(Beginning of DATA SHOWN)

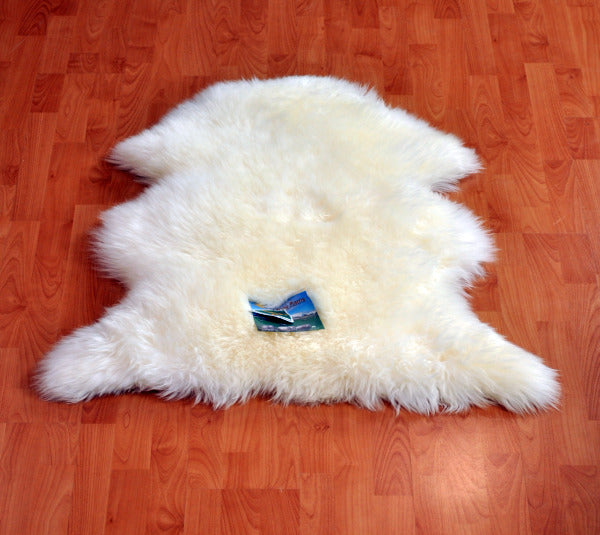 Single Sheepskin Rug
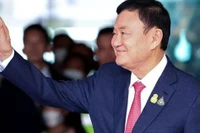 Cựu Thủ tướng Thái Lan Thaksin Shinawatra nhận tin vui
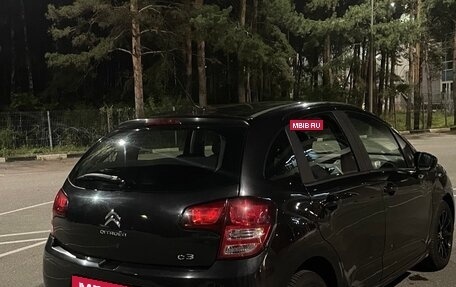 Citroen C3 II, 2011 год, 470 000 рублей, 9 фотография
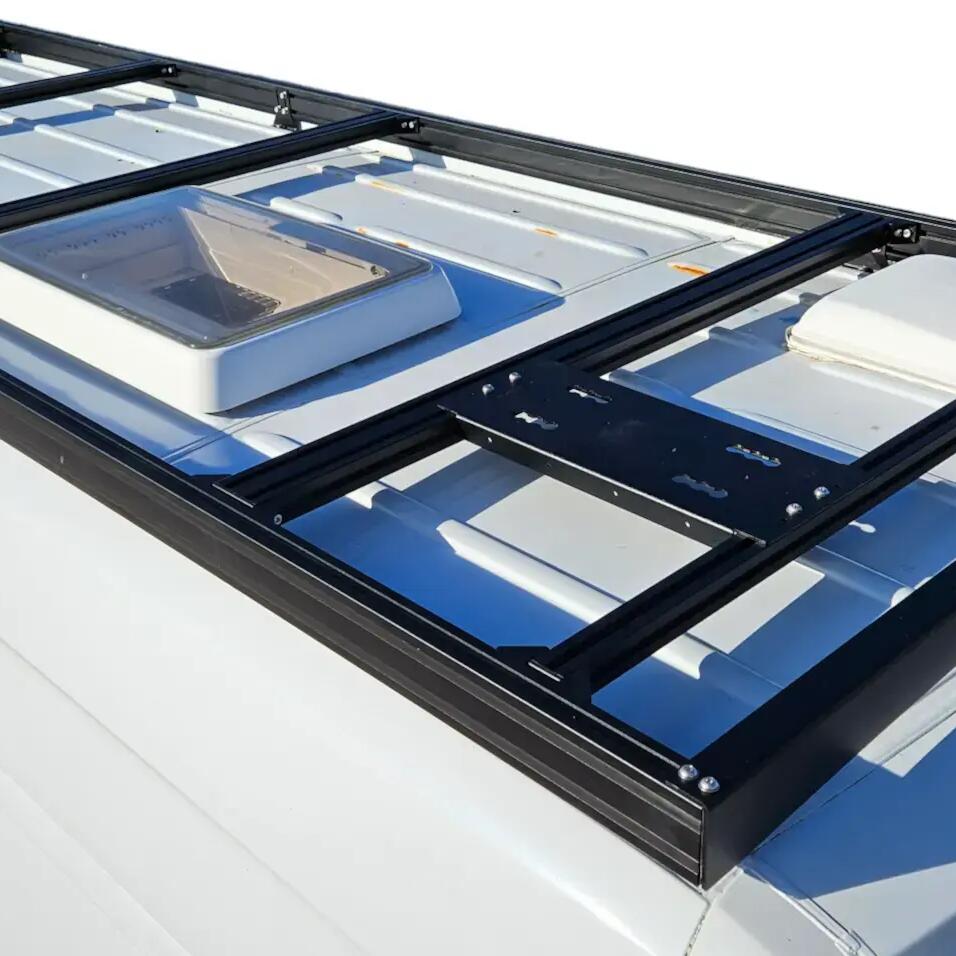 HRB Roof Rack Mercedes Sprinter L3 since 2007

(End of DATA SHOWN)

PROBLEM TO WORK ON:
Where a line contains "Citroen C3 II, 2011", begin there and set down exactly each line through the end of the data above, omitting any pictures.

ANSWER AREA:
 Citroen C3 II, 2011 год, 470 000 рублей, 9 фотография
 HRB Roof Rack Mercedes Sprinter L3 since 2007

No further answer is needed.